* [Work request]: Your task is to return, word for word, only the lines from the line with "photo de MANUBRIO" through the close of the data. Exclude all pictures.

* [Material provided]:
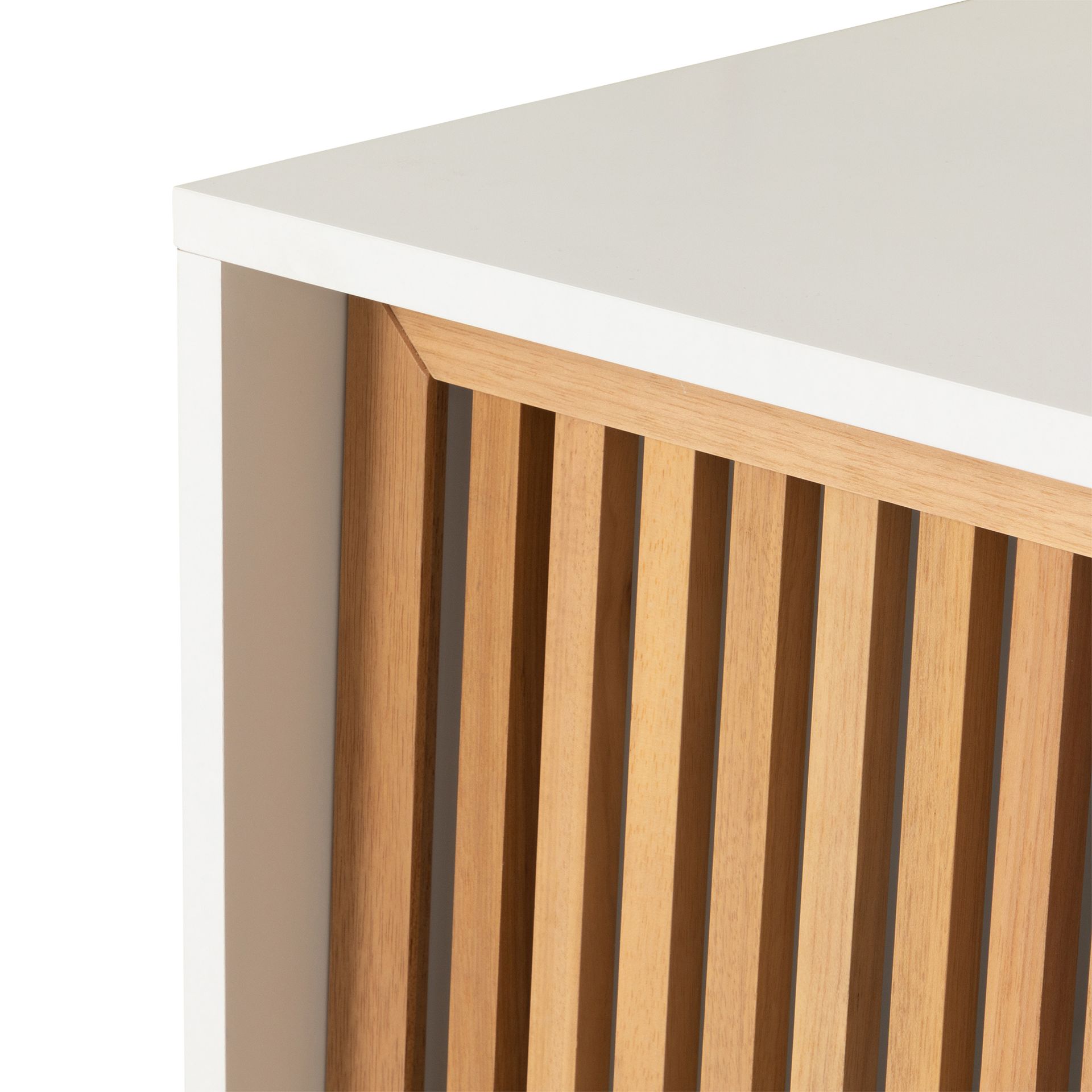 LEVEL-RACK-2-PORTAS-DE-CORRER-180-M-X-45-CM-BRANCO-TAUARI-ALINA_ST8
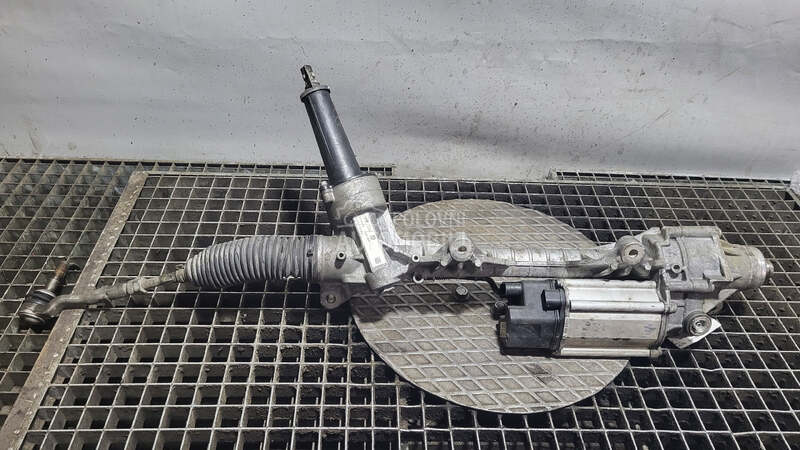 LETVA VOLANA za BMW 518, 520, 523 ... - 7806974795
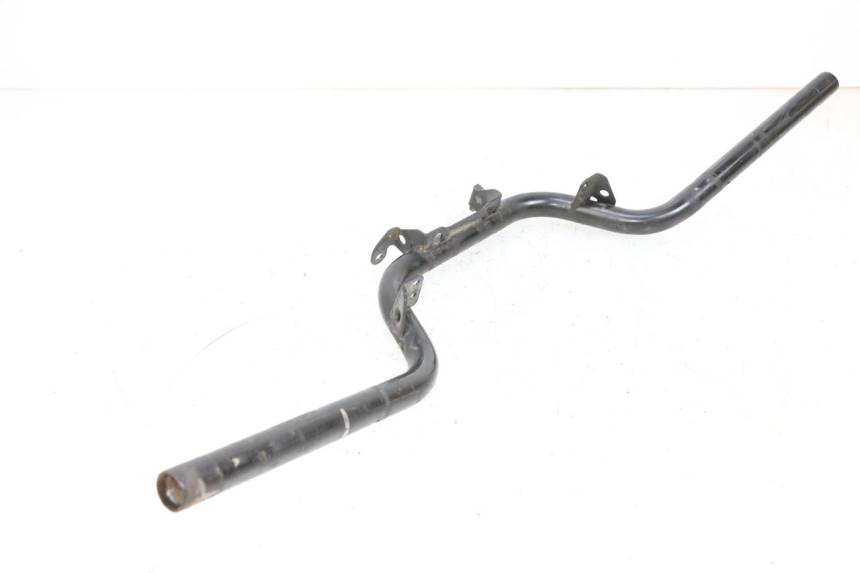 photo de MANUBRIO YAMAHA X-MAX XMAX 125 (2010 - 2013) - Dettagli dei punti di fissaggio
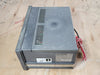 SCHENCK Weighing Controller VEG20400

* [Final answer]:
 photo de MANUBRIO YAMAHA X-MAX XMAX 125 (2010 - 2013) - Dettagli dei punti di fissaggio
 SCHENCK Weighing Controller VEG20400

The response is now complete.